= Task statement =
Reproduce nothing but the lines from the start of the material through the line that includes "Bath - 721 Apollo", both ends included, and omit every picture.

= Given data =
*** Block opens ***

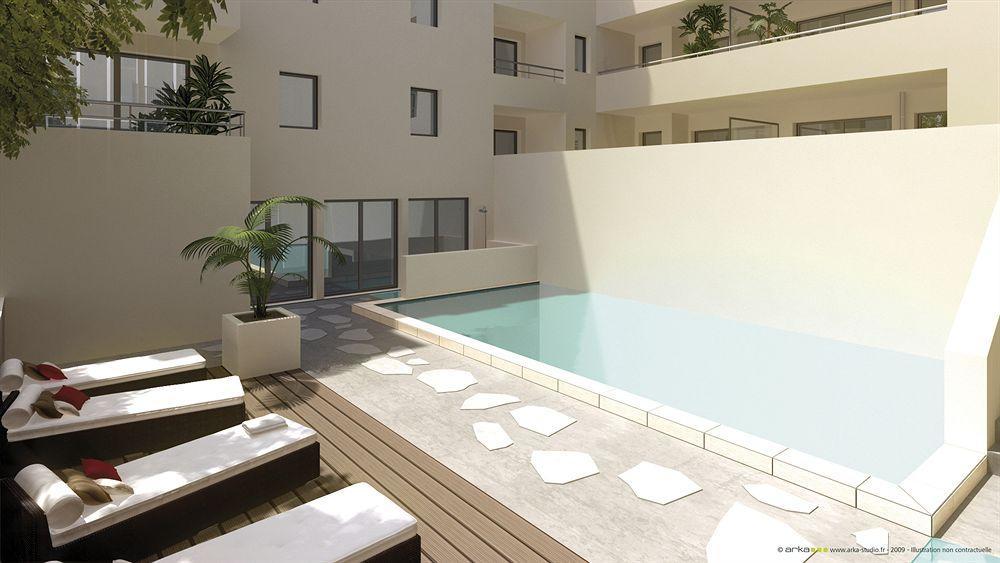 Lagrange Les Patios Eugenie Aparthotel 4*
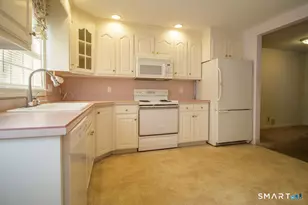 94 Pennsylvania Ave, New Britain, CT 06052 - Photo 4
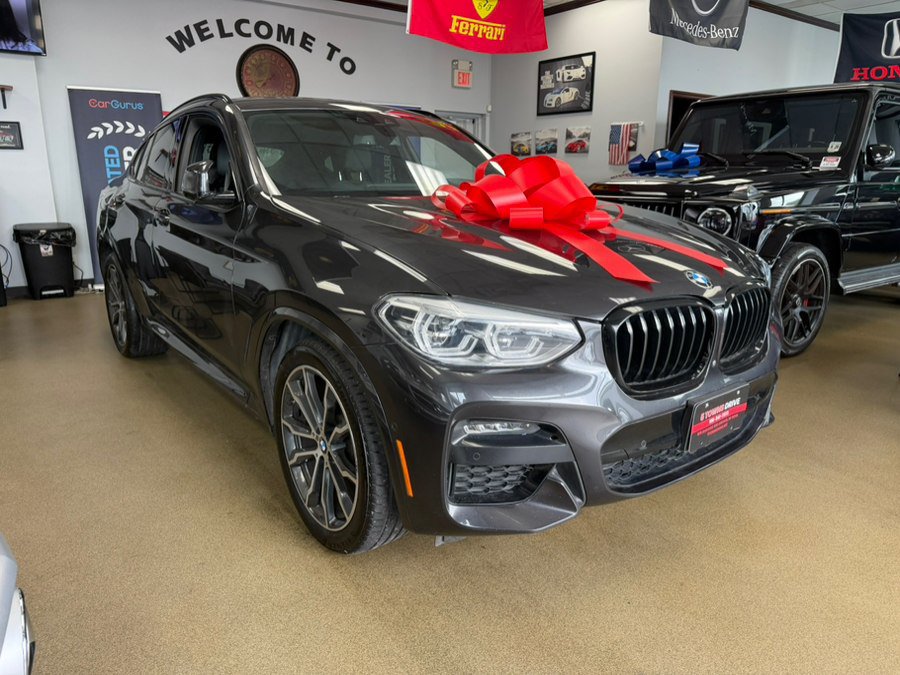 Used 2021 BMW X4 xDrive30i w/ Executive Package AWD/4WD image 2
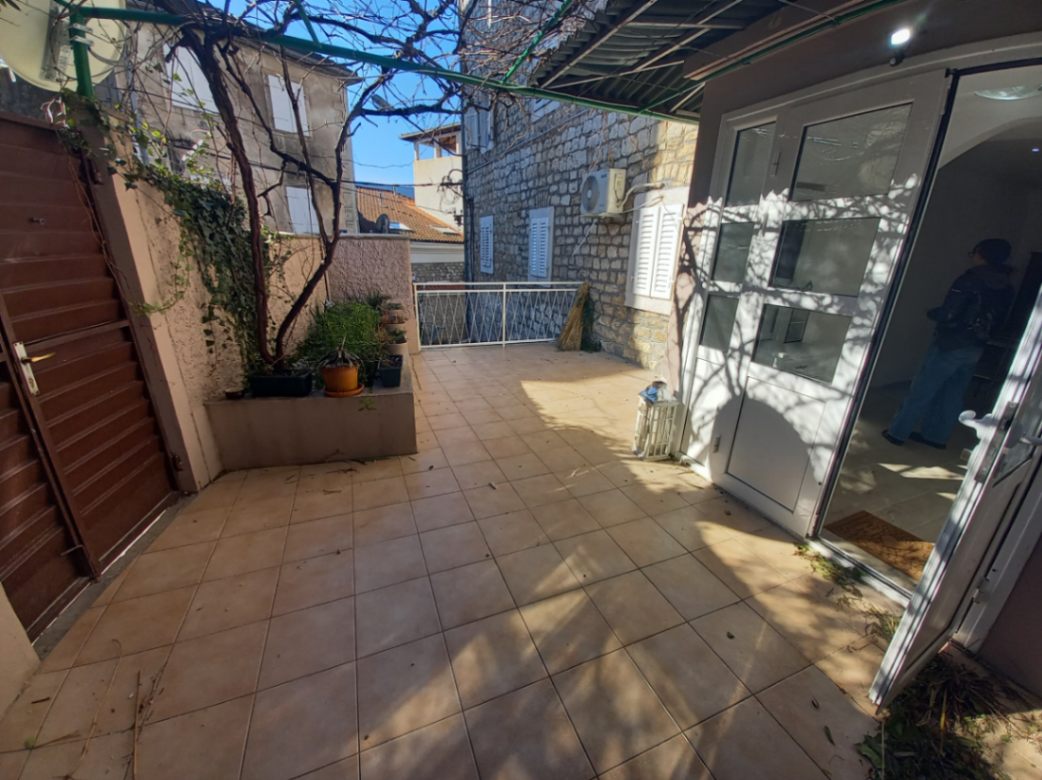 Izdavanje, stan, 75m2, Centar, Herceg Novi Izdavanje, stan, 75m2, Centar, Herceg Novi
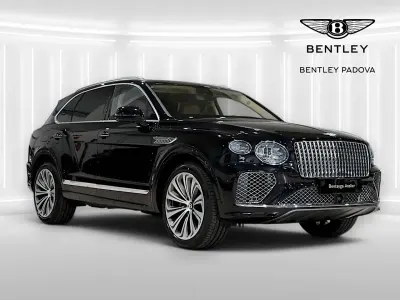 Nuova Bentley Bentayga 549 CV (403 kW) 2026 Onyx metallizzato SUV
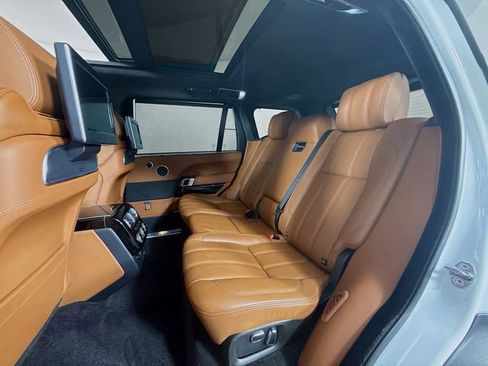Used 2015 Land Rover Range Rover Long Wheelbase Autobiography image 24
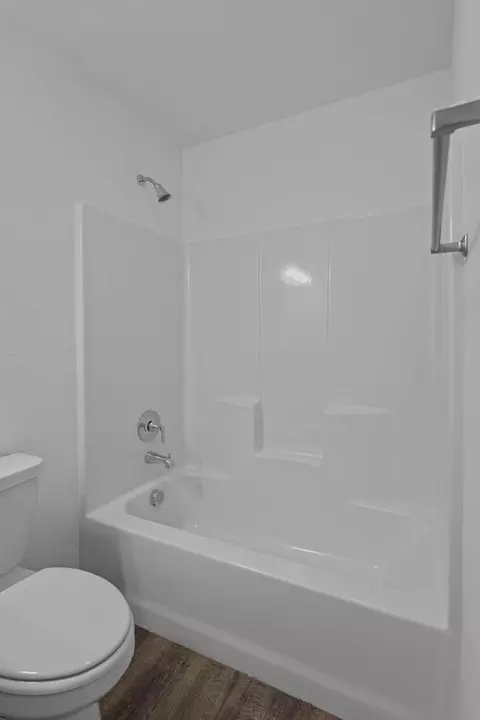Bath - 721 Apollo Ave, Centerton, AR 72719 photo 6 of 10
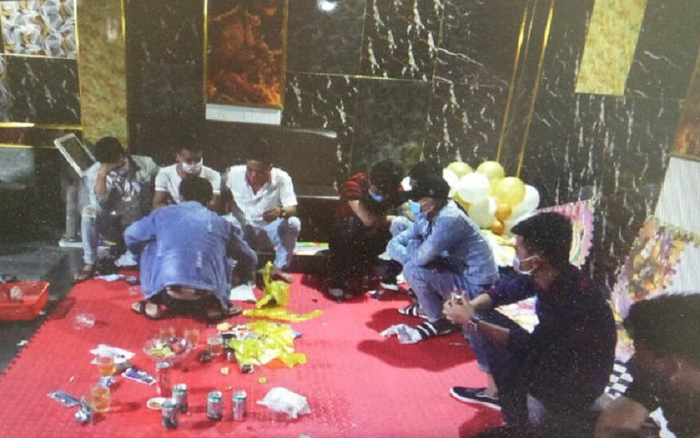 Phát hiện 14 nam, nữ thanh niên tụ tập dưới tầng hầm quán karaoke ăn nhậu và sử dụng ma túy Ảnh 2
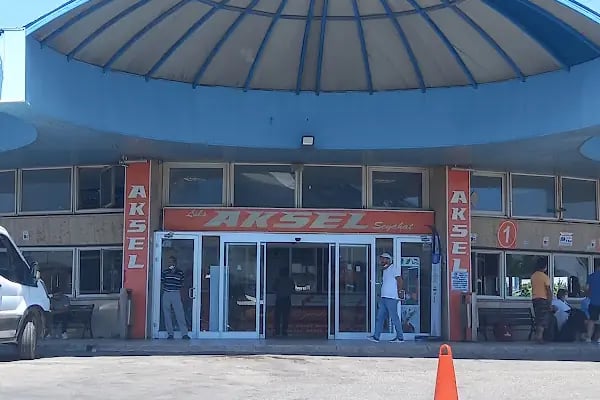 Akşehir Otogarı - Resim 2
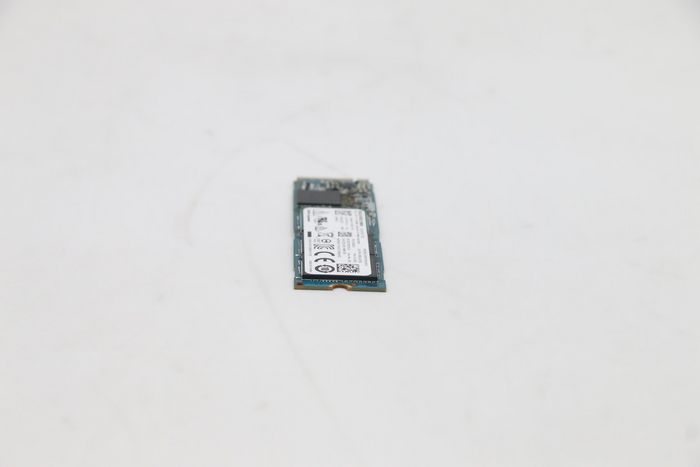 Lenovo M.2 NVMe SSD 1TB - Vitesse lecture 3500 Mo/s, écriture 3000 Mo/s, PCIe 3.0 x4, cryptage OPAL 2.0, format 2280 pour ordinateur portable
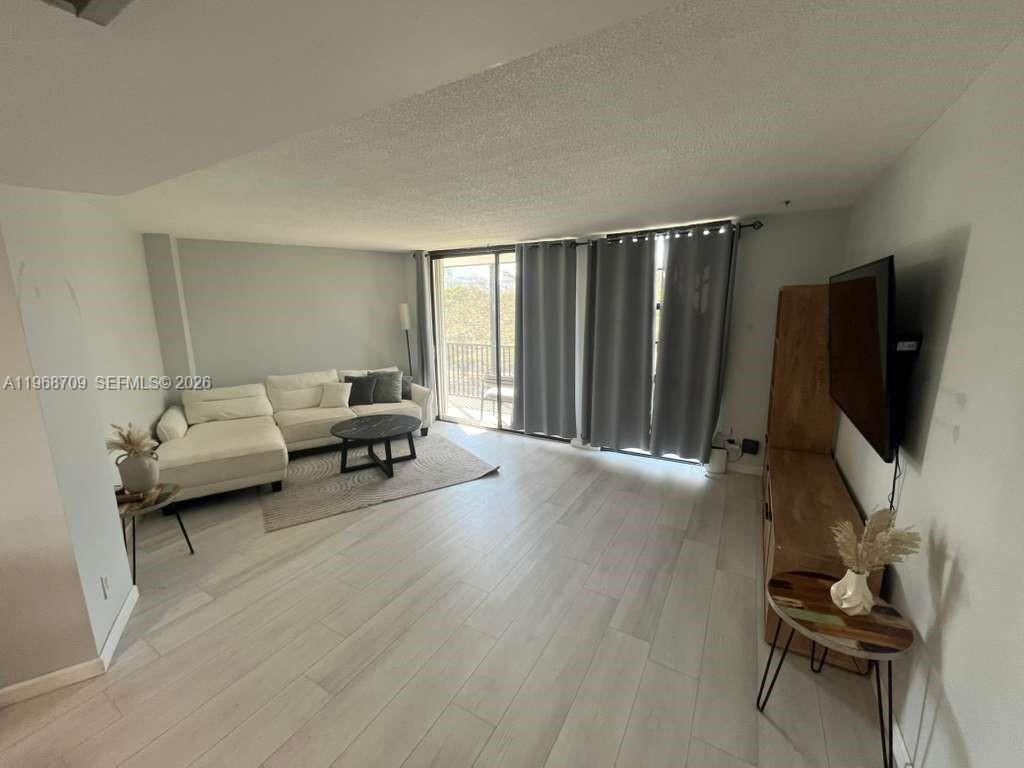 3475 N Country Club Dr # 405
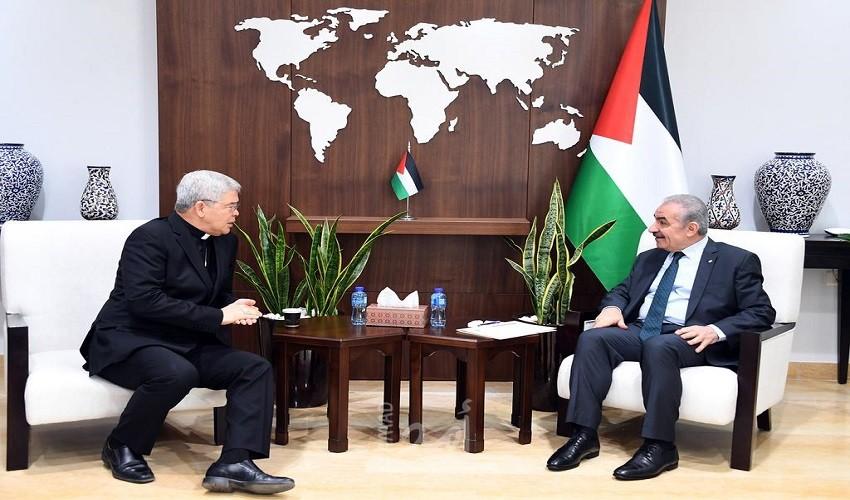 اشتية يدعو لتوحيد الجهود لمواجهة الحرب الإسرائيلية تجاه المقدسات المسيحية والإسلامية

*** Block closes ***

= Exercise result =
 Lagrange Les Patios Eugenie Aparthotel 4*
 94 Pennsylvania Ave, New Britain, CT 06052 - Photo 4
 Used 2021 BMW X4 xDrive30i w/ Executive Package AWD/4WD image 2
 Izdavanje, stan, 75m2, Centar, Herceg Novi Izdavanje, stan, 75m2, Centar, Herceg Novi
 Nuova Bentley Bentayga 549 CV (403 kW) 2026 Onyx metallizzato SUV
Used 2015 Land Rover Range Rover Long Wheelbase Autobiography image 24
Bath - 721 Apollo Ave, Centerton, AR 72719 photo 6 of 10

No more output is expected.